Segunda a lenda bíblica, Noé teria construído o maior barco de madeira já feito pelo homem, pelo menos até o século 19. O interessante é que Noé não era dono de nenhum estaleiro, não tinha qualquer conhecimento de náutica e de engenharia, não tinha tecnologia alguma e com parcos recursos para tal empreitada. A linha crédula simplifica o discurso apostando na tese do milagre para a costura de todos os buracos deste enorme pano. Se for considerar toda a problemática, o milagre precisaria ser ampliado para níveis assustadores até para o mais crente. A história da arca de Noé é facilmente refutada por ciências como História, Biologia, Química, Física, Engenharia, Geologia, Geografia e Matemática. Sem barras de ferro seria impossível sustentar um arcabouço de madeira tão grande, exposto a tanta pressão e peso. Como explicar, por exemplo, que um barco do tamanho de um campo de futebol seria suficiente para abrigar bilhões de animais? A Biologia tem catalogados bilhões de espécies animais!
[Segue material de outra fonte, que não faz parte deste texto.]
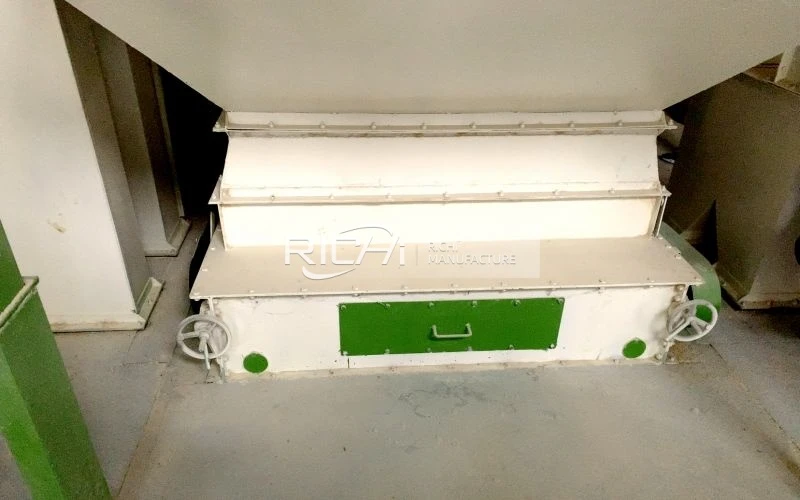 Broiler Feed Crumbler Project in UAE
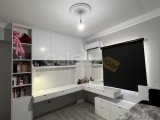 İSKELE MERKEZDE SATILIK FULL EŞYALI 3+1 GENİŞ DAİRE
Some-se a isso, o armazenamento de comida e água para todos e um espaço para isolar os dejetos. Pelo que consta não houve um pacto de jejum coletivo entre a bicharada pelo prazo de um ano. Só para ilustrar, um elefante adulto ingere em média 80 quilos de comida. Em uma matemática simples, só para deixar o casal de elefantes nutridos seriam suficientes 5 toneladas de comida durante um ano. Sem geladeiras seria uma tarefa complicada manter por esse tempo o almoço e o jantar dos paquidermes. Nem citei o volume de água necessário para saciar a sede dos bilhões de animais. E em qual cantinho ficavam depositadas fezes e urinas.

Noé também deve ter contado com a sorte de encontrar vagando por sua região um casal de cangurus (animais só encontrados na Oceania), um casal de capivaras (patrimônio exclusivo do Pantanal brasileiro), um casal de pingüins (que vive no gelo dos pólos), dois alces canadenses, entre outras milhares de combinações improváveis. O mais incrível é que, quando os europeus chegaram à distante ilha da Oceania encontraram milhões de espécies animais e seres humanos. Após o dilúvio, foram a nado para lá?

Para não detalhar cada impossibilidade, fiquemos com as mais sérias. Quarenta dias e quarenta noites de chuva não são suficientes para suplantar os mais altos picos da terra. Em escala global cobriria talvez um metro. Isso, em uma análise otimista. Os sinais de um dilúvio global estariam por toda a parte. Fósseis e restos de vida seriam facilmente identificados. De onde veio e para onde foi a água do dilúvio? Surgiu e desapareceu misteriosamente? Como explicar o fato de civilizações que já estavam de pé não terem sido destruídas como os egípcios, indianos, chineses, povos pré-colombianos? Monumentos de cinco mil anos continuam em pé no Egito e não há sinal de água em nenhuma de suas câmaras. Qual milagre teria feito uma redoma sobre as edificações?

Para trazer a história para a explicação racional é importante lembrar que o dilúvio bíblico não ganharia um Oscar por roteiro original. O mito de um dilúvio existe em milhares de culturas isoladas. É a forma que os povos encontram para justificar as mazelas. Sabe-se que o Velho Testamento é uma compilação de histórias orais e é possível encontrar fatos que pertencem a outras mitologias. É simples: ao longo do tempo, o povo hebreu foi expulso de sua terra, esteve em cativeiro, morou muito tempo em terra estranha. Em todos esses lugares, agregou mitos à sua própria história. A lenda do dilúvio bíblico foi tomada por empréstimo e aperfeiçoada do épico sumério de Gilgamesh, considerado o mais antigo texto escrito pelo homem. Os hebreus tomaram conhecimento da obra durante a estada no cativeiro babilônico. Na narrativa suméria, os deuses decidem intervir com um dilúvio em retaliação aos homens, que estariam incomodando demais as divindades. Tem todos os componentes: revelação divina, chuva, barco, animais, uma família apenas salva.

Especula-se que o texto bíblico teria um sentido simbólico: os quarenta dias e quarenta noites seriam uma alusão aos quarenta anos de cativeiro babilônico. Tudo isso fincado sobre uma tragédia real, mas de proporções infinitamente menores. É uma bela construção literária, com suas contradições e limitações. Considerá-la um fato histórico literal é desconsiderar todas as evidências. É afogar sobre as águas o bom senso e a lógica.